An attempt to clarify crossed with your message, so it may help. I learned
of Henkin's work from Henkin, however, rather than Shapiro (which I have
not read); and this may be the basis of our confusion. I gather from your
message that Shapiro *defines* the Henkin semantics by first translating
second-order language into a typed first-order language. While this
approach is in many ways elegant and semantically insightful, I think it
rather begs the question. Henkin himself did not do this, but rather gave a
semantics for the syntax of second-order logic as it was, with second-order
inference rules. As my previous message tried to emphasise, this gives a
different proof theory from the first-order translation (with which I am
familiar, though not from Shapiro.) So there are two distinct logics here:
second-order syntax with the Henkin semantics, and a first-order theory
expressed in predicate calculus.

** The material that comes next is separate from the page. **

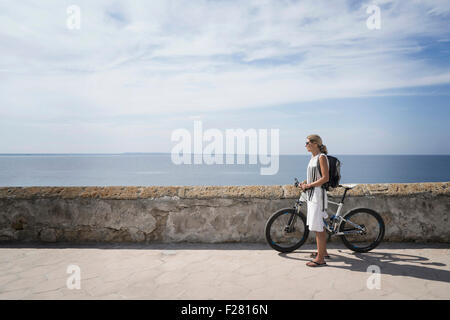 Side profile of mature woman standing with mountain bike on harbor wall, Gallipoli, Puglia, Italy Stock Photo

They are closely related, but not

> > > Now I'm really confused.  Do you accept Shapiro's distinction
> > > between standard semantics and Henkin semantics, or don't you?
> >
> > Of course I accept the distinction between the
> > *semantics*. However, this very word makes my point: they are both
> > semantic theories for the same *logic*, if by "logic" one means a
> > syntax and a formal specification of inferences (by means of rules
> > of inference, tableau, sequents or whatever.)
>No, this is not correct.  The syntax is the same, but an inference
>(i.e., something of the form A => B where A and B are formulas) can be
>valid in the standard semantics without being valid in the Henkin

Read what I wrote more carefully, especially the part following "if by
"logic" one means...". Yes, there are formulas which are valid in the
standard semantics but not in the Henkin semantics. But the *language* and
*rules* of second-order logic are valid in both, and complete with respect
to the latter: and it is the *same* language and set of inference rules
(not valid implications) which (following Henkin) I am speaking of here, no
matter which semantics is thought to be appropriate for it. (Later in your
message you seem to be talking about a different logic, however.)
>Let me try to clear this up.
>We can all agree on what the second-order formulas are.  They are
>built up inductively from atomic formulas using propositional
>connectives &,v,~,->,<-> and individual quantifiers (x),(Ex) and
>relation quantifiers (R),(ER).

Ah, this may be real source of the misunderstanding. Unlike the first-order
case, there are syntactically distinct ways to define formulae in second
(or higher-) order logic, and they have rather different proof theories. I
was referring to Church's notation, in which the formula recursion also
includes a lambda variable-binder which forms relational terms. This is
what I mean by second-order logic, as did Church and Henkin. It has an
elegant natural-deduction style formulation. Lambda abstraction (the lambda
introduction rule) then plays the role of the comprehension scheme, but it
is an inference rule rather than a scheme, and does not straighforwardly
submit to translation into a first-order schema. The Henkin semantics fits
very naturally onto this proof-theoretic framework: indeed, it can be seen
as being generated by a extension of Herbrand's theorem to these proof
>One can also write down intuitively motivated axioms for second-order
>logic, e.g., a comprehension scheme, ...
>.  Let S be the system of axioms and
>rules that we write down.  S is recursive, and the set of formulas
>that can be deduced via S is an r.e. set.  We can refer to S as
>second-order logic.

Well, there are several second-order logics, it seems. However, I note that
you here use 'second-order logic' to refer to a system of formulae and
inference rules, so my earlier point about wanting to have it both ways
still stands.

>Now, what about semantics?  There are two: `standard' and `Henkin'.
>.... the standard semantics.  This gives notions of logical
>validity, logical consequence, etc., all with respect to the standard
>semantics.  Note that the axioms and rules of S play no role here.
>The standard semantics is what it is, regardless of which axioms and
>rules we write down.

Yes, but care is needed. One does need to specify the language, ie the set
of formulas. It doesnt make sense to talk of a semantics unless one first
says what language it is a semantics of. This 'standard semantics' applies
to a second-order language, not a first-order one; but when we turn to
Henkin, you change your rules:

>The other approach is to transform second-order formulas in an obvious
>way into many-sorted, first-order formulas.  Then S becomes a system
>of many-sorted, first-order logic. .... (2)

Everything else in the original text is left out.